Dovetail
- Type: Private
- Industry: Software
- Founded: 2017; 9 years ago
- Founders: Benjamin Humphrey, Bradley Ayers
- Headquarters: Sydney, Australia
- Website: dovetail.com

= Dovetail (company) =

Australian software company

Dovetail is an Australian software company. Users create tags to perform transcription analysis and coding interpretation of interviews, survey responses and feedback, and create summarized insights from their research analysis.

In August 2021, Dovetail raised AU$5 million at a reported valuation of "more than AU$150 million"; raising its valuation fivefold from its prior fundraising round in 2020. Dovetail raised further Series A funding of US$63 million, led by Accel in January 2022.

==History==

The company was founded in 2017 in Sydney, Australia by Benjamin Humphrey and Bradley Ayers. Both had worked at software company Atlassian, and Humphrey claims he started Dovetail based on his experience working with researchers at the company.

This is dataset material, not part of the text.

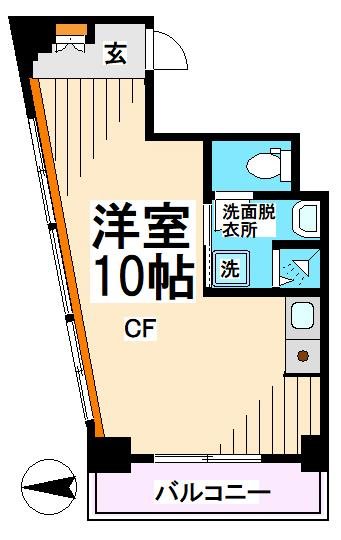 プログレス下高井戸 間取り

Prior to the company's founding, Humphrey worked on the idea in his spare time, outsourcing the product's development and financing it with a AU$10,000 credit card debt. In 2017 he convinced Ayers to leave his role at Atlassian and join as co-founder.

In November 2017, Dovetail was awarded the AU$25,000 minimum viable product grant from the New South Wales Department of Industry Jobs for NSW program. The grant was awarded to fund investment in automatic sentiment analysis features.

In February 2020, Dovetail announced a AU$4 million seed fundraising round led by Blackbird Ventures, with participation from Felicis Ventures and Culture Amp's CEO and co-founder Didier Elzinga to accelerate revenue growth. This raise reportedly valued Dovetail at "close to AU$30 million".

In August 2021, Dovetail announced that it had raised AU$5 million from existing investors Blackbird Ventures, Felicis Ventures, along with participation from Mike Cannon-Brookes' investment vehicle, Grok Ventures.

In January 2022, Dovetail announced it had raised a US$63 million Series A led by Accel. New investors also included Webflow CEO and co-founder Vlad Magdalin, CEO and co-founder of Checkr, Daniel Yanisse, and CEO and co-founder of Slack, Stewart Butterfield.

In 2023, Dovetail's headquarters moved to a new office spanning 4,300 square metres over four levels located on Sydney's historic Oxford Street. In January 2024, Ayers left the company after stepping down to an engineering role in the previous year.

In November 2024, Dovetail's senior company lawyer sued the company and founder Benjamin Humphrey over a "personal relationship." In February 2025, it was revealed the case was brought to the Federal Court, with the Dovetail and Mr Humphrey being sued for sexual harassment and discrimination.